Mixed Data Types in Single Columns

A single SOV column might contain street addresses (text), construction codes (categorical), dollar amounts (numeric), and percentages (numeric) depending on the row. Worse, some SOVs use a “notes” or “comments” column that contains unstructured text mixed in with the structured data.

Inconsistent Number Formatting

TIV values in SOVs appear as “$1,250,000” or “1250000” or “1,250” (meaning $1,250,000 with implied thousands) or “1.25M.” Different brokers use different conventions, and within a single SOV, formatting can change between worksheets. Misinterpreting a TIV value by three orders of magnitude is a real and consequential error.

What Needs to Be Extracted

For a typical commercial property underwriting workflow, the minimum viable extraction from an SOV includes:

Field	Priority	Difficulty	Notes
Location address (full)	Critical	Medium	Address parsing, geocoding challenges
Building TIV	Critical	Medium	Number format inconsistency
Contents TIV	Critical	Medium	Sometimes combined with building
BI TIV	High	Medium	Not always present
Construction type	High	Hard	Varies between coded and descriptive
Year built	High	Easy	Usually numeric, straightforward
Square footage	High	Easy	Usually numeric
Number of stories	Medium	Easy	Usually numeric
Occupancy description	Medium	Hard	Unstructured text, varies wildly
Protection class	Medium	Hard	Multiple coding systems
SIC/NAICS code	Medium	Easy	When present, usually clean
Flood zone	Medium	Easy	When present, usually coded

The “difficulty” column reflects our experience with AI extraction accuracy, not the inherent complexity of the data type.

Tool Comparison: Sensible vs Reducto vs SortSpoke

We tested three tools on a standardized set of 150 SOVs representing different formats, sizes, and quality levels.

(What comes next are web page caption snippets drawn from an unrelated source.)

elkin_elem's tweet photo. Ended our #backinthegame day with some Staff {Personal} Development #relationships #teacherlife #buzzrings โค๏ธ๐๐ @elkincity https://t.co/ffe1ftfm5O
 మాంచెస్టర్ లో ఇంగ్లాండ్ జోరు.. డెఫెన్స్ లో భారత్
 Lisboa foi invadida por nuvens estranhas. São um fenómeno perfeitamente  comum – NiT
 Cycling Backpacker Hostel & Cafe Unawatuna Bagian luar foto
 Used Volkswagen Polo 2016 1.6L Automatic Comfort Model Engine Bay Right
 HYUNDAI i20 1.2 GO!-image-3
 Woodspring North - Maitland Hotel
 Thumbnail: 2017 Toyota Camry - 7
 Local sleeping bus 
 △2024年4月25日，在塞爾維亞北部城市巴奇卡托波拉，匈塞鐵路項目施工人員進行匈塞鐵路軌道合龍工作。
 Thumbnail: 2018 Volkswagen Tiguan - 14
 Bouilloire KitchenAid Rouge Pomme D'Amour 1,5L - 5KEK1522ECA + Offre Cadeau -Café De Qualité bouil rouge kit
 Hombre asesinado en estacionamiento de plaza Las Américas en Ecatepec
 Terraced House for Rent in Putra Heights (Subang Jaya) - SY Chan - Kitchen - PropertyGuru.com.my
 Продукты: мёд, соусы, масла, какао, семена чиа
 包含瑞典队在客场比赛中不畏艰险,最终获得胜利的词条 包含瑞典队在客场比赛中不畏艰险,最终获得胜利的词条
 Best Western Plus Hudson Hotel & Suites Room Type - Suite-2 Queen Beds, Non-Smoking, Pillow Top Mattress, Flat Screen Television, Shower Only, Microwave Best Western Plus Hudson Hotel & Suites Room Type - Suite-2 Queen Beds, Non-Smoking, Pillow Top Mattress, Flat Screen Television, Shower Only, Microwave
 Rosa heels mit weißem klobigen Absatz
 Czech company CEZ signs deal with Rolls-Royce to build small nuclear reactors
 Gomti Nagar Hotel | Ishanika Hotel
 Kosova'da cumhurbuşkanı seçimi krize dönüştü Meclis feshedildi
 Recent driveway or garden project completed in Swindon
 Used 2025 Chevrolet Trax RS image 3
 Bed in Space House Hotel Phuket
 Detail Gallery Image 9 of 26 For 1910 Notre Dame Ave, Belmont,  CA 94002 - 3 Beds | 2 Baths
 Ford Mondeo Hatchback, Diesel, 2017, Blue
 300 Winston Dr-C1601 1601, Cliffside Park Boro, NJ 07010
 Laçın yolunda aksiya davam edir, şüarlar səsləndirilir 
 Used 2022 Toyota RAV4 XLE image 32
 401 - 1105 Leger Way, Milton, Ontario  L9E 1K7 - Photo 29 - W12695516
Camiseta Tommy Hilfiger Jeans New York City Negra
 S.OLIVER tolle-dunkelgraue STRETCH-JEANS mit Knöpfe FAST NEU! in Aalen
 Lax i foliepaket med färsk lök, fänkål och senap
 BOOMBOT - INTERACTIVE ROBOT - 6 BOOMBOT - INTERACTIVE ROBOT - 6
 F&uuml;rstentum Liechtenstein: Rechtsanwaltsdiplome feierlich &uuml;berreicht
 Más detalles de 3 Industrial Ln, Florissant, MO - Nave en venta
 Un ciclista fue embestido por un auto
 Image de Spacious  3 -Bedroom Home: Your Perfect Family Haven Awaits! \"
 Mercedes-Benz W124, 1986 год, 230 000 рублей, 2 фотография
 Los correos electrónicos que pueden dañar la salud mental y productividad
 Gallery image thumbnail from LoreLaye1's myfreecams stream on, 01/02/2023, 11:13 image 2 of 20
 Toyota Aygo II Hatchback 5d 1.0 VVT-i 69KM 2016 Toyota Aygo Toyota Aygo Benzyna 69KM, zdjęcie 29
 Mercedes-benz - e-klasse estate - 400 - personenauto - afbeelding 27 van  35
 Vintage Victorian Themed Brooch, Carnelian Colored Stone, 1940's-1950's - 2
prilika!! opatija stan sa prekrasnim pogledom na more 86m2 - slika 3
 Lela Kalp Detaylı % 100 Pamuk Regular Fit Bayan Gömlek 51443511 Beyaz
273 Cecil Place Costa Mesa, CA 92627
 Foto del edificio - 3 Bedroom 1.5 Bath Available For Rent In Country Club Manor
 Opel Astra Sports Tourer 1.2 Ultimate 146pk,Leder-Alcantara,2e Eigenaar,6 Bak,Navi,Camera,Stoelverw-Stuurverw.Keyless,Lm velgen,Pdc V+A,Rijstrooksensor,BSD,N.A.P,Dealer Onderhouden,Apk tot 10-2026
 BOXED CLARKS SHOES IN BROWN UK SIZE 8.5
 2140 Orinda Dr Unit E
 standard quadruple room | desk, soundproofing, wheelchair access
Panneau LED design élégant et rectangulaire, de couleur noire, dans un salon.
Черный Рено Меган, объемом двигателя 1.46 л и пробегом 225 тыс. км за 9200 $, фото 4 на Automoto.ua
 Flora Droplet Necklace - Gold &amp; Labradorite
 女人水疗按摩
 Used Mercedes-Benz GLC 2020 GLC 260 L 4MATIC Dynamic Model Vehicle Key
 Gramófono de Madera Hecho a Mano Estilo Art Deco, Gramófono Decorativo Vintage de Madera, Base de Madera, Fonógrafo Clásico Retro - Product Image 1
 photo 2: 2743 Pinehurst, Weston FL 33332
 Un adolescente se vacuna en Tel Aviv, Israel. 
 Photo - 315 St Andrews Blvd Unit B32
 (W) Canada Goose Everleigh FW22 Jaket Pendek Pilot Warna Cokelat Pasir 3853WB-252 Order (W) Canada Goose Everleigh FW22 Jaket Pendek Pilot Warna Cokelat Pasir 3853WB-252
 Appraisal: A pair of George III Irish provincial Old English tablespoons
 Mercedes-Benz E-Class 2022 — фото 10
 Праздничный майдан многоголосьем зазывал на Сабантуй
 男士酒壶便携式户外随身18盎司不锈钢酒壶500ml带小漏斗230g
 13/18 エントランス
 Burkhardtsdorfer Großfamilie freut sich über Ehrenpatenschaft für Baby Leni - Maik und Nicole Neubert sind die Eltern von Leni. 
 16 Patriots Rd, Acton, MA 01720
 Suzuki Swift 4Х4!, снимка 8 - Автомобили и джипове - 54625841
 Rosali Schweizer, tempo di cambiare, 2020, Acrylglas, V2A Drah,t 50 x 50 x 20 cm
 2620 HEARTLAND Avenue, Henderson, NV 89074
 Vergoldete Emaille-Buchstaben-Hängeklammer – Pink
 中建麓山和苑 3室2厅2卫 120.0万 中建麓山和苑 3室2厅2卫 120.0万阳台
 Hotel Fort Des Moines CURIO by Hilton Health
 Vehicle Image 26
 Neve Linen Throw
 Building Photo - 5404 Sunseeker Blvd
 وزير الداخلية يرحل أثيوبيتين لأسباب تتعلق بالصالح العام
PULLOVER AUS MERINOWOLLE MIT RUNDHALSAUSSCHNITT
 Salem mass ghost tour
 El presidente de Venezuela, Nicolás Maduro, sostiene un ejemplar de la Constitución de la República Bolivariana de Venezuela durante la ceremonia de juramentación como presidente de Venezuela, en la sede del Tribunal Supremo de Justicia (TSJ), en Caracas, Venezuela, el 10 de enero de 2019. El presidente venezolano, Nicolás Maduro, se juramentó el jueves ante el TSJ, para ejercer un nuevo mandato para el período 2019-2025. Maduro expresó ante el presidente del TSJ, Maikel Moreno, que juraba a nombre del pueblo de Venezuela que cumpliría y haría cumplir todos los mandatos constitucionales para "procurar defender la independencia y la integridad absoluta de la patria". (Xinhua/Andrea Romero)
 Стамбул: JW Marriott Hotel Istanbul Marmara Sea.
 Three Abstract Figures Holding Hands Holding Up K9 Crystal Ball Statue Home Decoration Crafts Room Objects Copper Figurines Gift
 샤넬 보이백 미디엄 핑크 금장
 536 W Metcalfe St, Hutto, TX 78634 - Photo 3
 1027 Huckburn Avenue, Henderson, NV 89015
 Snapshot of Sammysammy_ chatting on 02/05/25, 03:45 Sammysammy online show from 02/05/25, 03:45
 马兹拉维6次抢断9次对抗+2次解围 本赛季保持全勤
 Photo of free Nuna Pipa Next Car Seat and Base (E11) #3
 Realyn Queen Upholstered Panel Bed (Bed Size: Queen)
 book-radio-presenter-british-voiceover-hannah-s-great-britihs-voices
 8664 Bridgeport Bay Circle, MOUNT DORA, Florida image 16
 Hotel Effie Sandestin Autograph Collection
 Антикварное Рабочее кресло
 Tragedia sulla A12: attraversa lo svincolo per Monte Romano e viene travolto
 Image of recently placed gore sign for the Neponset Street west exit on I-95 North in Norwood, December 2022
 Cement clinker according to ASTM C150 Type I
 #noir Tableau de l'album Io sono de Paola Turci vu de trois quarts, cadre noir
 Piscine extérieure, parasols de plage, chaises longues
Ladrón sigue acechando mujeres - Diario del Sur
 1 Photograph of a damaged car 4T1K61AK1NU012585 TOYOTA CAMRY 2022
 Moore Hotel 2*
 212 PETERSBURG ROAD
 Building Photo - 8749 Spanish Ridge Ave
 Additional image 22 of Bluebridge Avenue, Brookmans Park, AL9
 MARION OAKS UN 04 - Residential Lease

Here is what we found.

Capability	Sensible	Reducto	SortSpoke
Approach	JSON config templates + AI fallback	AI-first table extraction	Insurance-specific IDP
SOV-specific templates	Pre-built for common formats	No pre-built templates	Pre-built for insurance submissions
Multi-page table handling	Good (with config)	Very good (AI-detected continuity)	Good (underwriter-configurable rules)
Excel SOV support	Yes (XLSX upload)	Yes (XLSX and CSV)	Yes (XLSX, CSV, PDF)
Merged cell handling	Requires manual config	Good (AI interprets merged regions)	Moderate (rule-based)
TIV accuracy (clean format)	94% field-level	96% field-level	92% field-level
TIV accuracy (messy format)	78% field-level	85% field-level	80% field-level
Address parsing quality	Good	Very good	Good
Output format	JSON (structured)	JSON (structured)	JSON + ACORD-mapped fields
Pricing model	Per-page	Credit-based	Per-document
Best for	Teams with developer resources	Highest accuracy needs	Underwriter-configurable workflows
Weakest area	Complex multi-sheet Excel	No insurance-specific templates	Lower accuracy on novel formats

Accuracy figures are from our 150-SOV test set. Field-level accuracy means the percentage of individual extracted fields that matched our human-verified ground truth. “Clean format” means well-structured Excel SOVs with clear headers. “Messy format” means scanned PDFs, irregular layouts, and inconsistent formatting.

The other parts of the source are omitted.